Friday, August 13, 2010

Cross divides Poles on role of religion in public life

A cross erected in front of the presidential palace in the Warsaw for the late president Lech Kaczynski has sparked sharp debate in deeply Catholic Poland over the role of religion in the public life.

A recent attempt to move it has provoked high-pitched protests by both the supporters, who want it to stay put, and opponents, who believe the religious symbol should not stand in front of an equally symbolic secular state institution.

In a first in devoutly Catholic Poland, several thousand people rallied in Warsaw this week protesting against the religious symbol standing in a public space.
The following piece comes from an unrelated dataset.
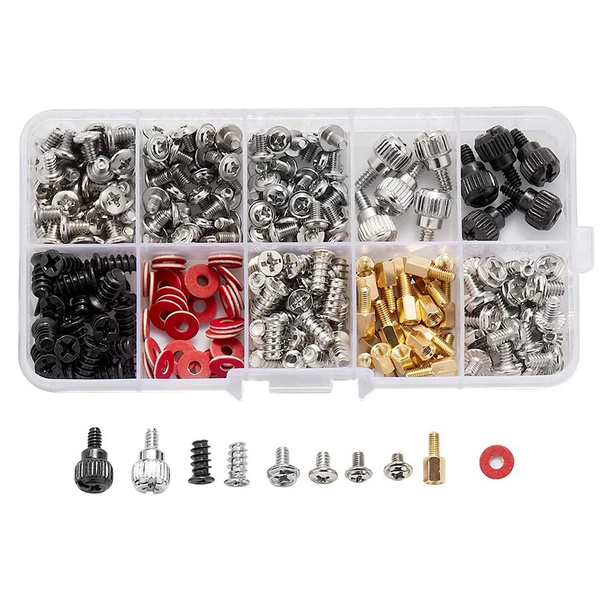 280PCS Компьютерные винты Standoffs Set для корпуса компьютера с ...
The mostly young demonstrators gathered around midnight Monday for the rally, organised on the Facebook social networking site where the "Akcja Krzyz" (Cross Action) group has drawn over 43,000 members.
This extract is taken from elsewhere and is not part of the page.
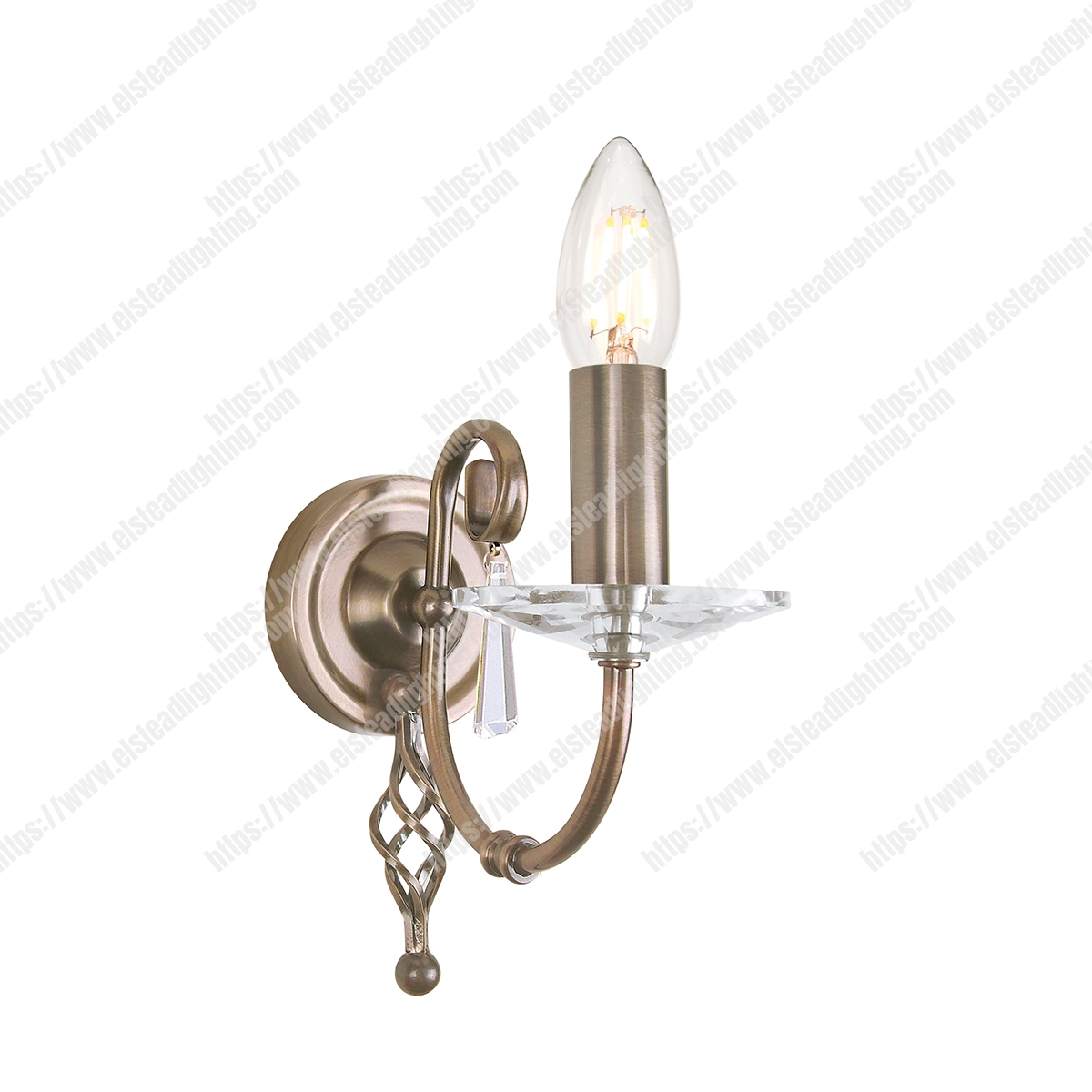 Aegean 1 Light Wall Light - Aged Brass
"Its a new phenomenon. These young people are protesting against the church as an institution, not against religion per se," Polish sociologist Edmund Wnuk-Lipinski told AFP.
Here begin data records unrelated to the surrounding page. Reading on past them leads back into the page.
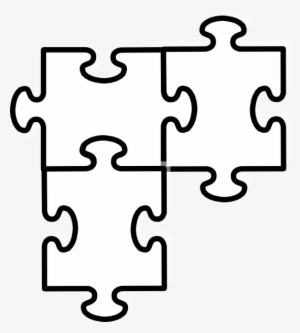 Puzzle Clipart Black And White - Clipart Puzzle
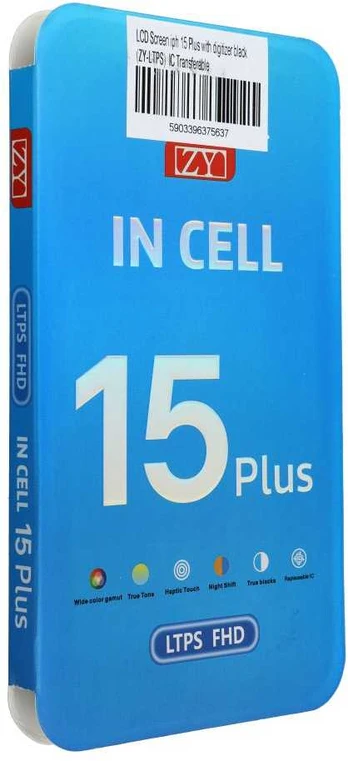 „iPhone 15 Plus“ ekranas su juodu jutikliniu ekranu (ZY-LTPS) IC perkeliama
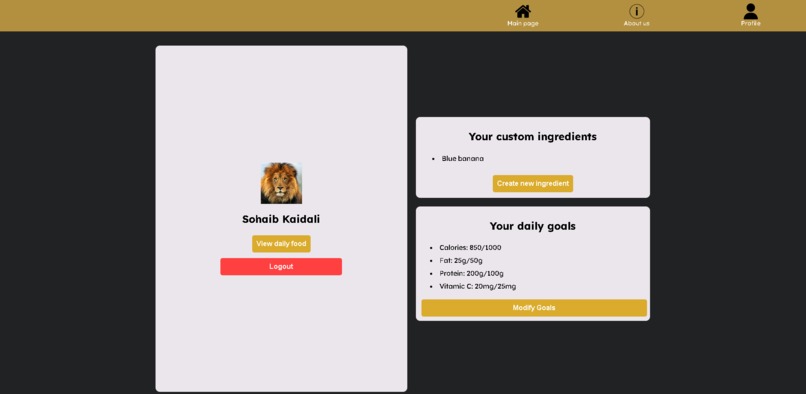 Nutrition Calculator – screenshot 2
A day later, a thousand people rallied in Warsaw demanding the cross stay put in front of the presidential palace in honour of the victims of the April 10 crash of a Polish presidential jet in Russia that killed all 96 people on the board including Kaczynski, Poland's top military brass and the central bank governor among other Polish dignitaries.

According to an opinion poll issued this week by the independent SMG/KRC pollsters, 71 percent of Poles want the cross moved to a nearby church as agreed two weeks ago by the presidential palace, the archbishop of Warsaw and scouts groups.

Ironically, Poland's Catholic Church itself has called for the cross to be moved to a nearby church.

"To all those who pray at the cross, we must say that despite their good intentions they are being exploited for political purposes. We urge everyone to make the transfer of the cross possible," press secretary for the Polish Episcopate, Bishop Stanislaw Budzik, told reporters in Warsaw Thursday.